● ACTIVITY:
Your answer must be the lines from the top of the listing below through the line that holds "Lot of 3 New", retyped exactly, with no pictures.

**** INPUT FOR THIS TASK

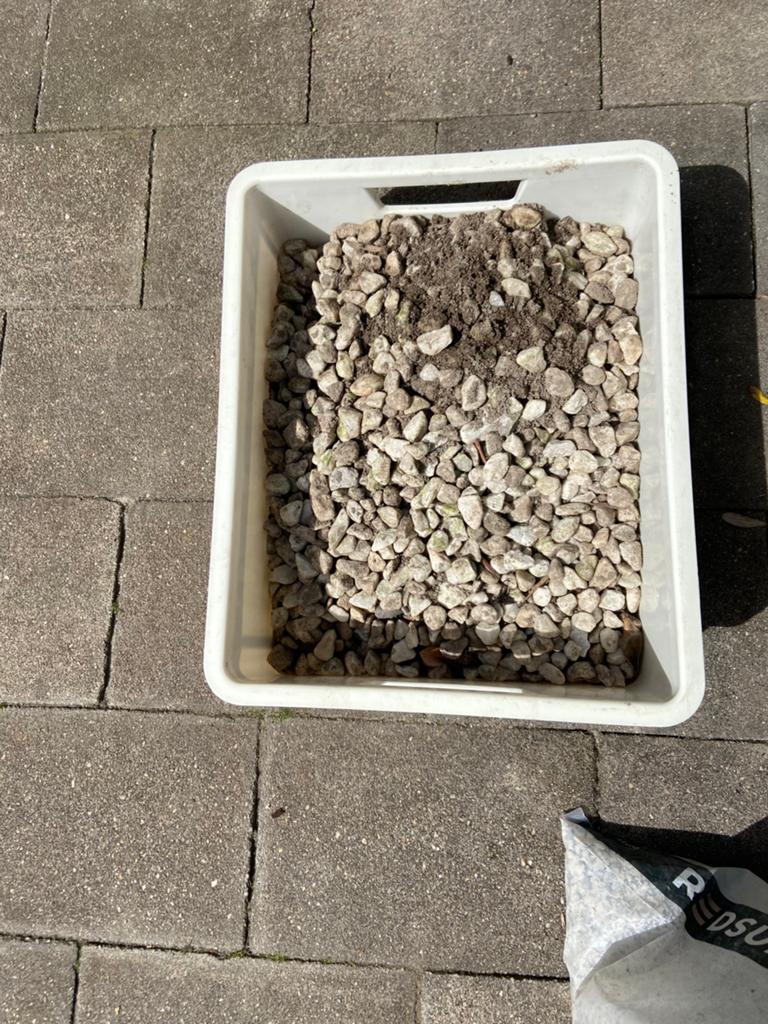 Kleine steentjes decoratie voor in de tuin, Tuin en Terras, Grind, Keien en Split, Ophalen, Gebruikt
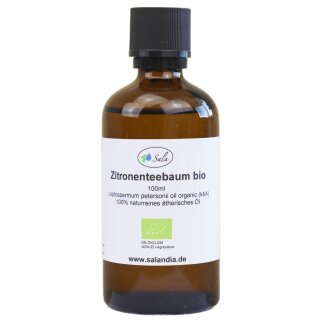 Sala Zitronenteebaumöl Aroma ätherisches Öl naturrein BIO 100 ml Glasflasche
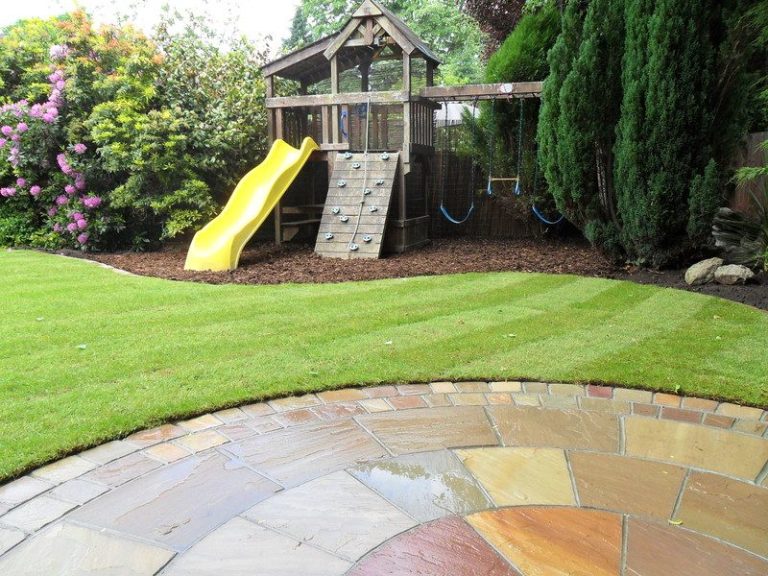 Family landscaped garden near Winstanley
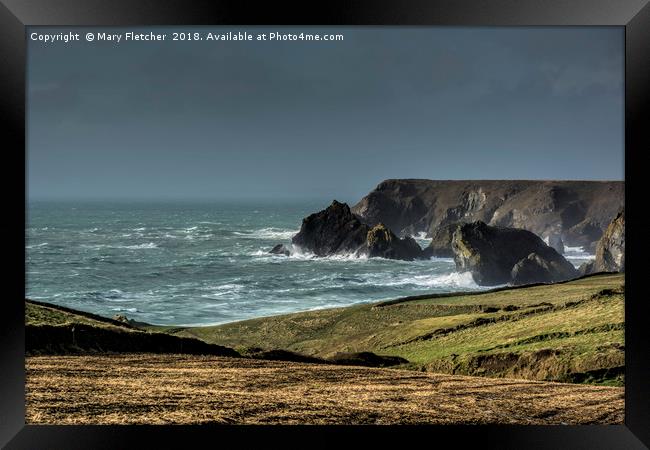 Storm Eleanor Framed Print by Mary Fletcher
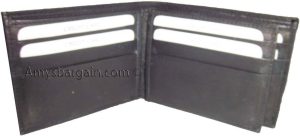 Lot of 3 New men's Black leather billfold wallet 9 credit card space ID bifold - Image 4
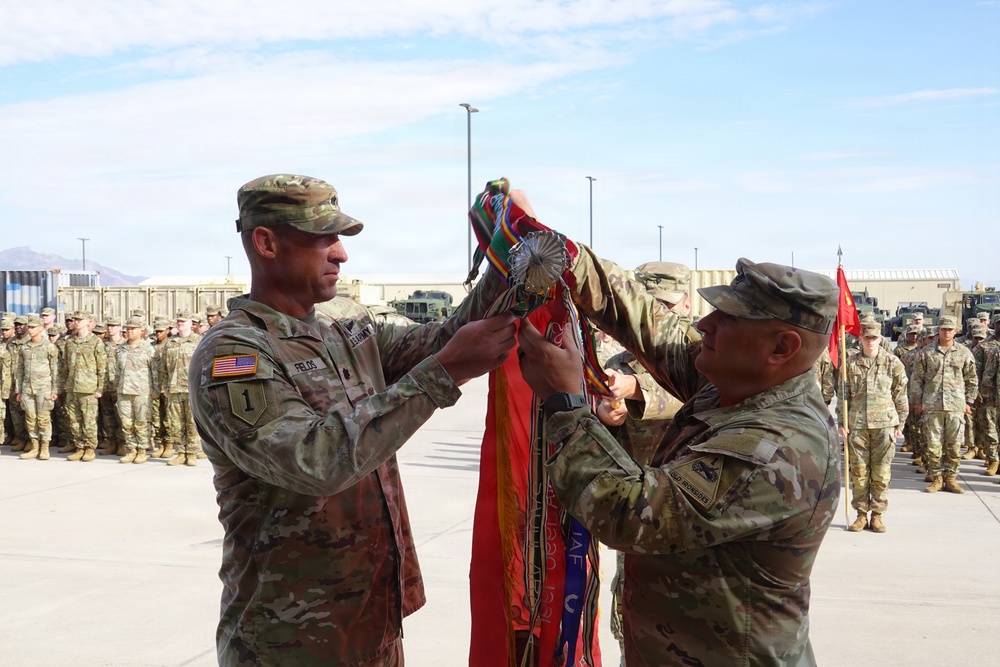 Mission complete: 4-27 Field Artillery uncases colors at Fort Bliss after border deployment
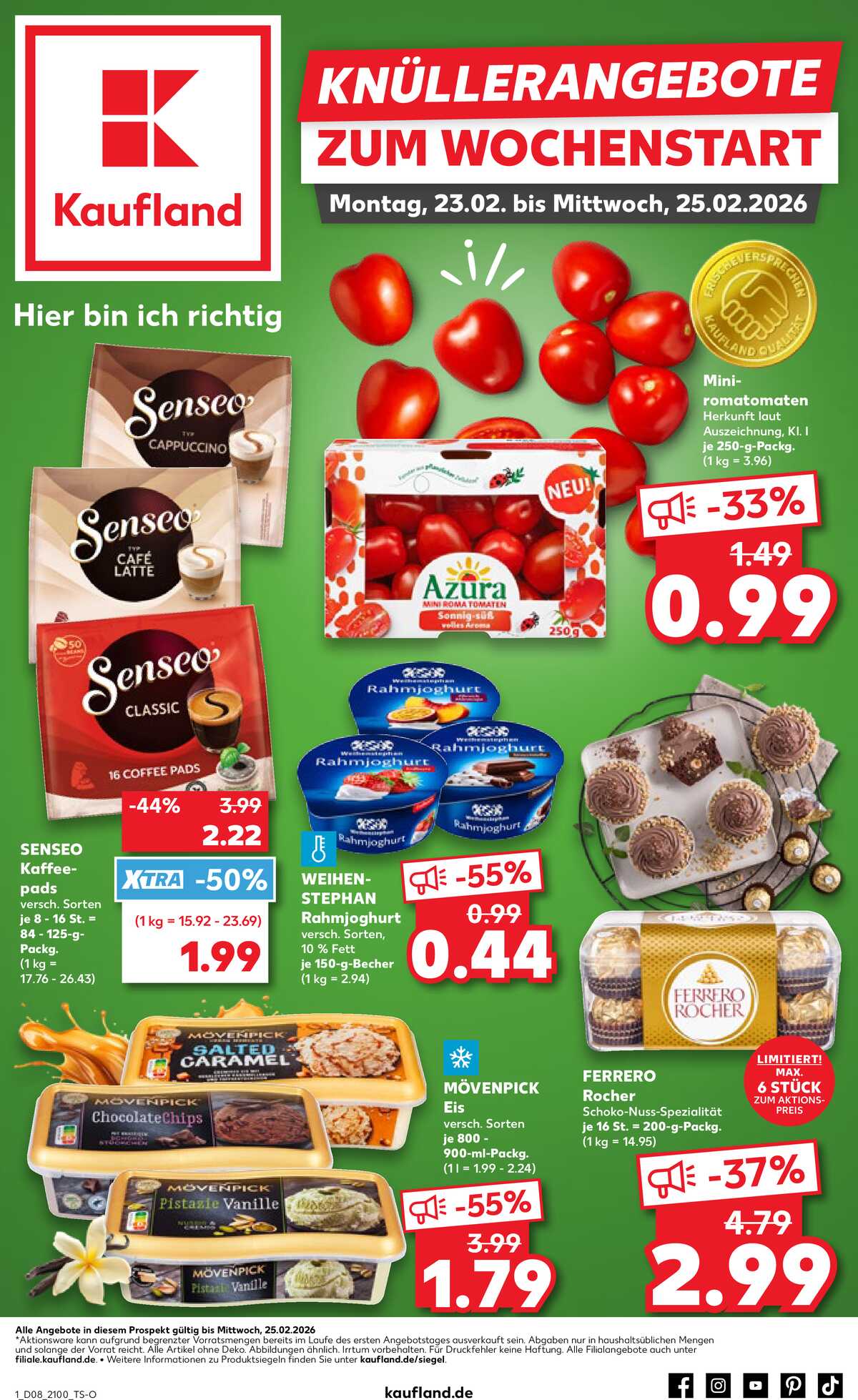 Leták Kaufland Německo 22.2.-25.2.2026 strana 1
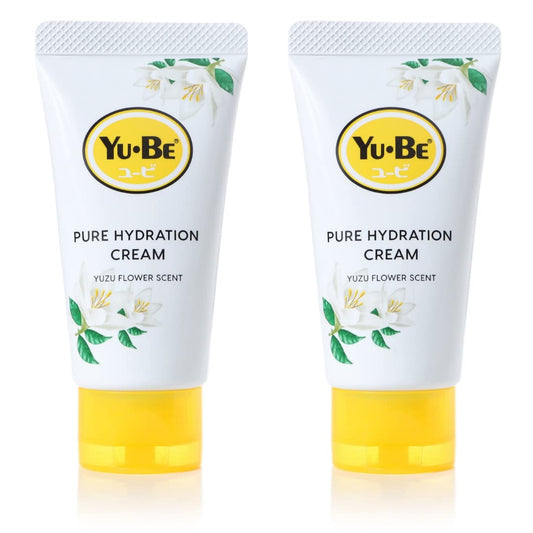 Yu-Be Yuzu Pure Hydration Cream (Duo): Body & Hand Cream - Vegan Skin Care Cream for Sensitive & Dry Skin - Soothing Yuzu Flower Extract - Day & Night Beauty & Personal Care Yu-Be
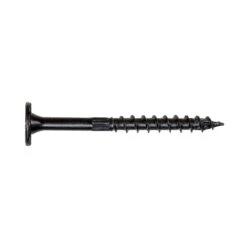 Simpson Strong-Tie No. 10 X 3-1/2 In. L Lobe Black Wood Screws 12 Pk
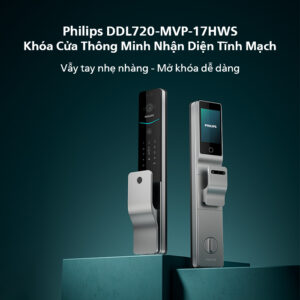 Khóa thông minh Philips DDL720-MVP mở bằng tĩnh mạch lòng bàn tay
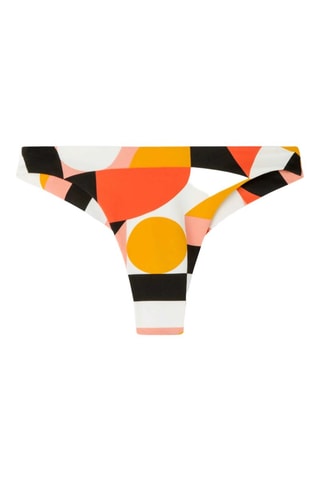 Slip bikini - Rosso e giallo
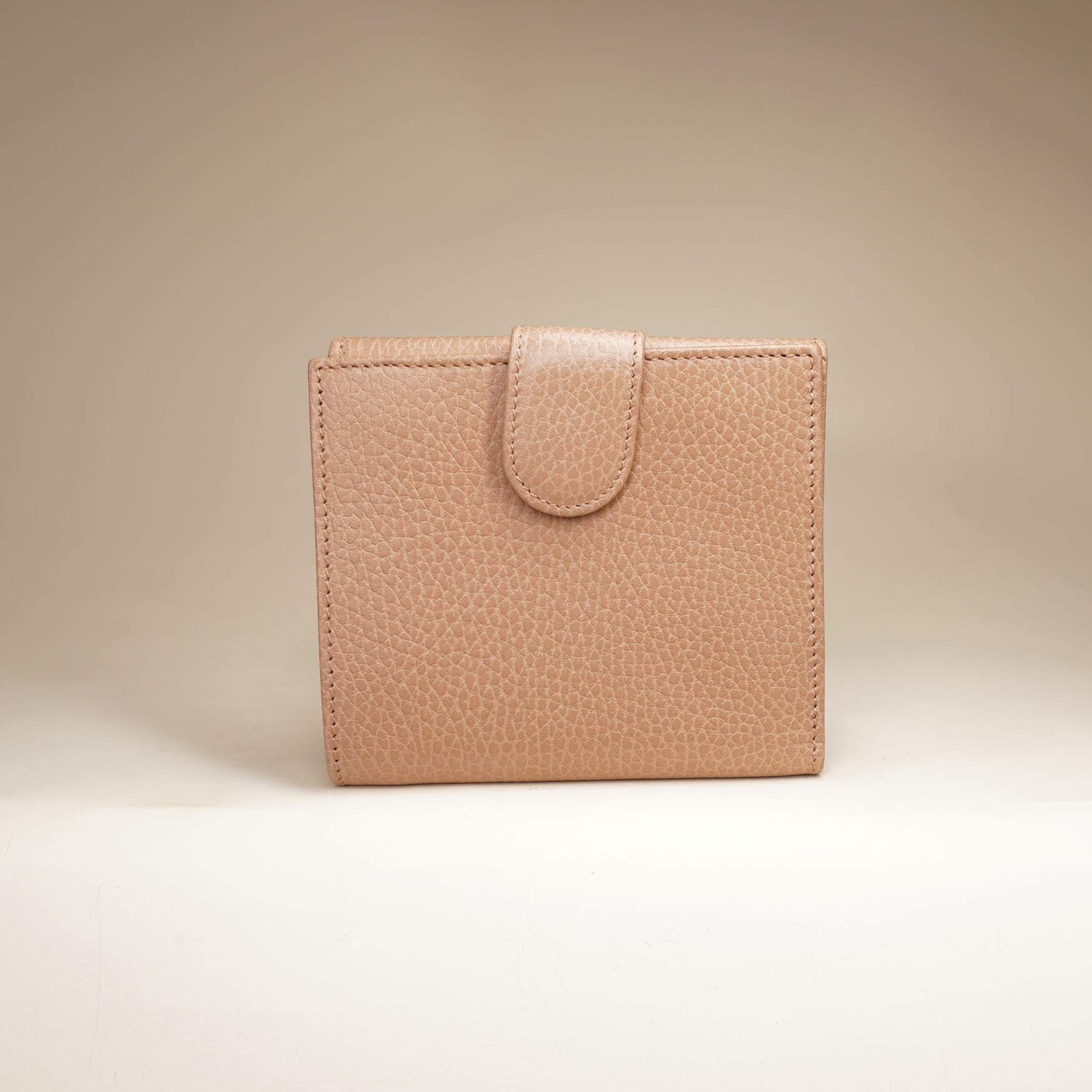 GUCCI - Dollar Calfskin Interlocking G French Wallet Pink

********

● RESULT FOR THIS TASK:
 Kleine steentjes decoratie voor in de tuin, Tuin en Terras, Grind, Keien en Split, Ophalen, Gebruikt
 Sala Zitronenteebaumöl Aroma ätherisches Öl naturrein BIO 100 ml Glasflasche
 Family landscaped garden near Winstanley
 Storm Eleanor Framed Print by Mary Fletcher
 Lot of 3 New men's Black leather billfold wallet 9 credit card space ID bifold - Image 4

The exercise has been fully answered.